You know that if you don’t maintain your car, it can stop working—no matter how good its design and construction. But we have often overlooked that lesson when it comes to bridges. Follow the fascinating case of the Mianus River Bridge and discover how lack of maintenance caused its collapse in 1983, although the bridge had just been inspected. What happened to those pin-and-hanger connections? And exactly, whose fault was it?
Unlike most structural catastrophes, the 1986 Challenger disaster occurred on live TV. Before long, the entire viewing audience became familiar with the infamous O-rings. Explore behind the scenes to learn about the personalities, conversations, and conflicting goals that led to this catastrophic result. It will become clear that this disaster—which killed seven people and threw the entire US space program into crisis—was as much a failure of organizational decision-making as it was an engineering failure.
No engineering failure in history had more world-changing consequences than the 1986 accident at the Chernobyl Nuclear Power Plant in the former Soviet Union. Discover the numerous design, organizational, personnel, and bureaucratic flaws that resulted in the explosion of Reactor 4 during a routine safety test—releasing 800 times more radioactive material than the atomic bombings of Hiroshima and Nagasaki.

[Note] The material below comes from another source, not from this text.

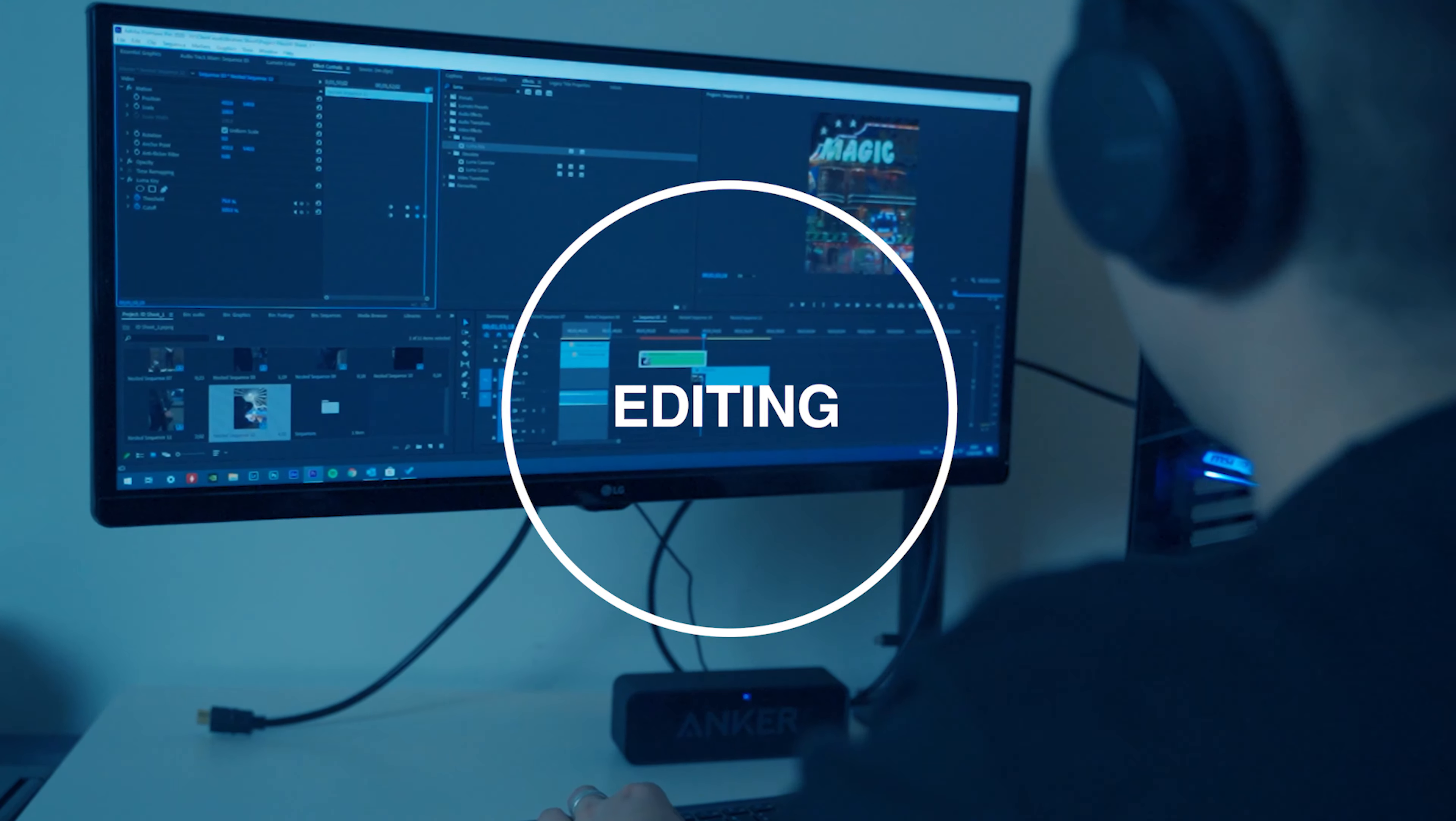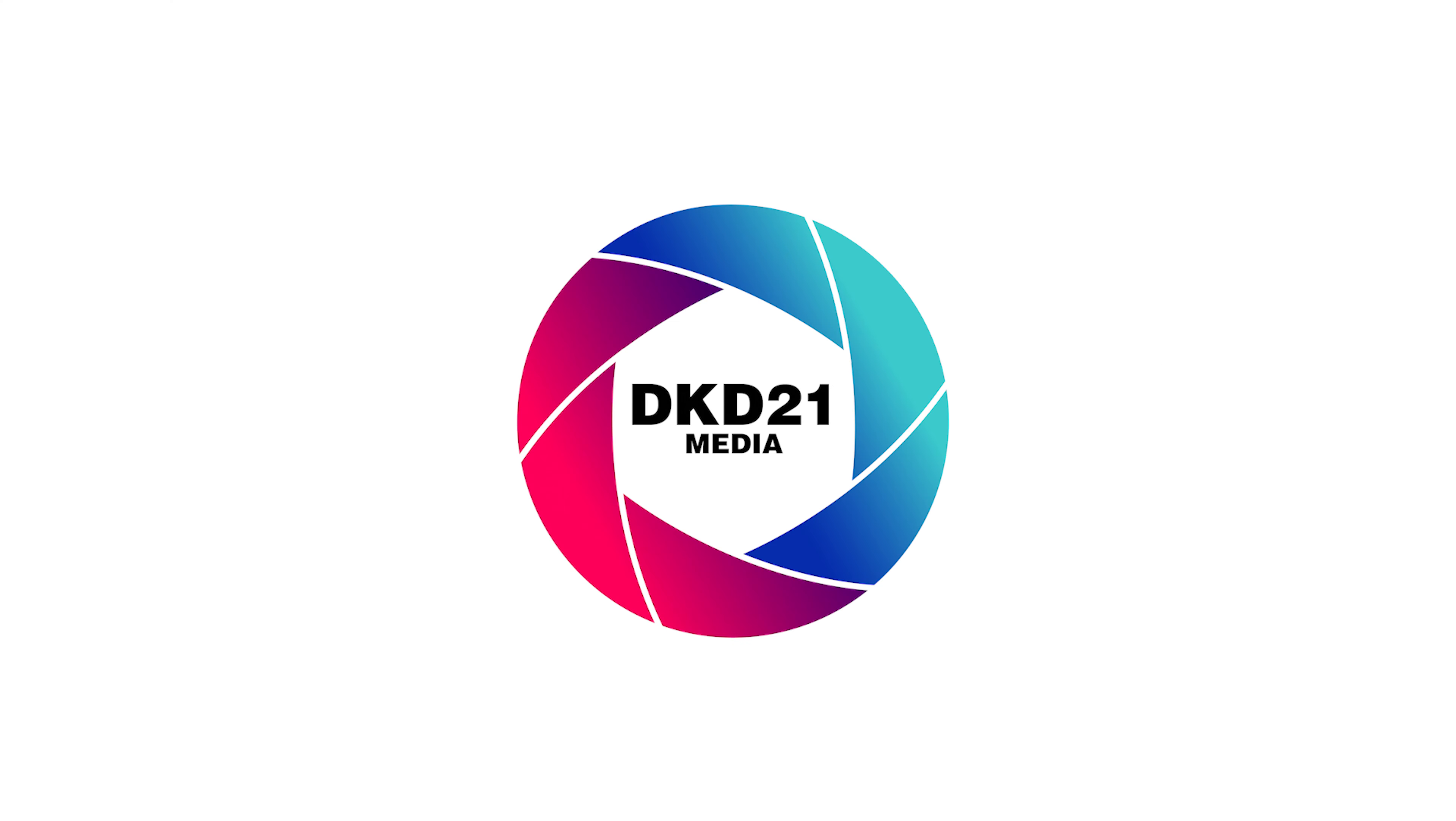Today I'm going to show you two ways that you can change black to any color in Adobe Premiere Pro.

You don’t have to know much about oil and gas to imagine the myriad of technical difficulties that come with drilling an exploratory well miles below a floating platform on the high seas. But after the presence of oil is confirmed, then what? Explore the step-by-step sequence of failures—flawed design decisions, careless oversights, deliberate procedural shortcuts, and prioritizing profits over safety—that led to the worst environmental disaster in US history.
What role should corporate culture play in the development of an airplane? Discover what went wrong in the development of Boeing’s 737 MAX and how the flawed design of the airplane’s flight control system led to 346 deaths in two separate crashes. Have we learned the apparently difficult lesson that prioritizing the corporate bottom line over technological excellence does not work?
The flooding of New Orleans during Hurricane Katrina on August 29, 2005, was the costliest engineering failure in American history, and one of the deadliest. Local and federal authorities had spent hundreds of millions of dollars to build a comprehensive hurricane protection system for the city; yet, this system failed catastrophically during Katrina. Discover the economic development decisions over two centuries that contributed to the disaster. And, learn how the disaster has stimulated a more sustainable approach to flood protection.